More on Biogeographic memory

P.Hovenkamp Hovenkamp at NHN.LEIDENUNIV.NL
Fri Oct 12 10:24:34 CDT 2001

At 03:16 PM 10/11/01 +0200, Pierre Deleporte wrote:

>>>(...) when Craw et al. draw the
>>>shortest straight line between the distribution of two sister groups,
>>>Hovenkamp draws a separation between adjacent distribution areas of two
>>>sister groups. The line or track has to cross the separation or barrier. On
>>>this limited point, the two approaches look very similar, and this could
>>>give a handle to contrast them (Peter : why do you draw your line between
>>>the spatially closest borders of the extension ranges?
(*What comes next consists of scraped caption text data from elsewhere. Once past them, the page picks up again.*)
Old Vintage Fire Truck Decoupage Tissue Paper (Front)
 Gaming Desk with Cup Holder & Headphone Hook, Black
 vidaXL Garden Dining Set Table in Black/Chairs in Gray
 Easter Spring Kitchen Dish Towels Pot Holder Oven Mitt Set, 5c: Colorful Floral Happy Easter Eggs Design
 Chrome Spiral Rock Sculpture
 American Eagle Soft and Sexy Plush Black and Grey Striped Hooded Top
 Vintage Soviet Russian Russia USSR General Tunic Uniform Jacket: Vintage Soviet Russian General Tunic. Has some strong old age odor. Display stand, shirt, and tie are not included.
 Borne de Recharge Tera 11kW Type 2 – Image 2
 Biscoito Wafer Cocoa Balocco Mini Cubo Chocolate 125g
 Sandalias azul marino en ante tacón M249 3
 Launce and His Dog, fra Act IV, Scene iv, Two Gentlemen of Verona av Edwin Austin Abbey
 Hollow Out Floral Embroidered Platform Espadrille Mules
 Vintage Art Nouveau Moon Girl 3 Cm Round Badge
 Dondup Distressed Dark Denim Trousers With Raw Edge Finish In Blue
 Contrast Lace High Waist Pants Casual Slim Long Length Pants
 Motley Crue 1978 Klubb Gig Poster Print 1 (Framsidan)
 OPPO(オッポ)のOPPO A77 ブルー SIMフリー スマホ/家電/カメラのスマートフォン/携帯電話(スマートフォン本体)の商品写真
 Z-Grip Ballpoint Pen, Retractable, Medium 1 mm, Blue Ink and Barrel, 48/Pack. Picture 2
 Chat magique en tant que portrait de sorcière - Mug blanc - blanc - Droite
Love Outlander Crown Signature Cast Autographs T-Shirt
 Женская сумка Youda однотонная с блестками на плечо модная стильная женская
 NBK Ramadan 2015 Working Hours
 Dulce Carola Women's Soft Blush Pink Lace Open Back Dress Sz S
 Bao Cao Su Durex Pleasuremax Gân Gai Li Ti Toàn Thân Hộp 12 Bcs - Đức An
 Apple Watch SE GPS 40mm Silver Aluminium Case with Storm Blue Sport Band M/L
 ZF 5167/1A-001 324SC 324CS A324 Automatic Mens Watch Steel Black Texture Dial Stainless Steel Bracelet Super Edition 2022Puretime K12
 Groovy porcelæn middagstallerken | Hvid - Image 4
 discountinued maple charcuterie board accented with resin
Or are there
>>>exceptions to this rule?).
>>Good question! Come to think of it - the earth being round, it is of course
>>possible to view any area as being completely surrounded by any other one.
>>So why the spatially closest border? It somehow seems logical to do it this
>>way. Perhaps all depends on the scale of the analysis - if sister taxa
>>occur in close proximity it makes little sense to take the possibility
>>seriously that they may have vicariated round the world completely - if
>>they are farther apart, it seems to make little sense to try to measure
>>whether the one way round is 20000 miles and the other way 19000... In the
>>latter case, one might want to consider both options.
>This "simple" answer just illustrates that the slightest technical aspect
>in historical biogeography IS theory loaded, and that the often implicit
>underlying explanatory laws are to be made explicit for evaluating methods:
>disclose their implications, in every detail, and contrast these to their
>goals, themselves being explicited.
>That the shortest spatial distance is in itself the right thing to take
>into account for any "biogeographic" purpose seems highly questionable.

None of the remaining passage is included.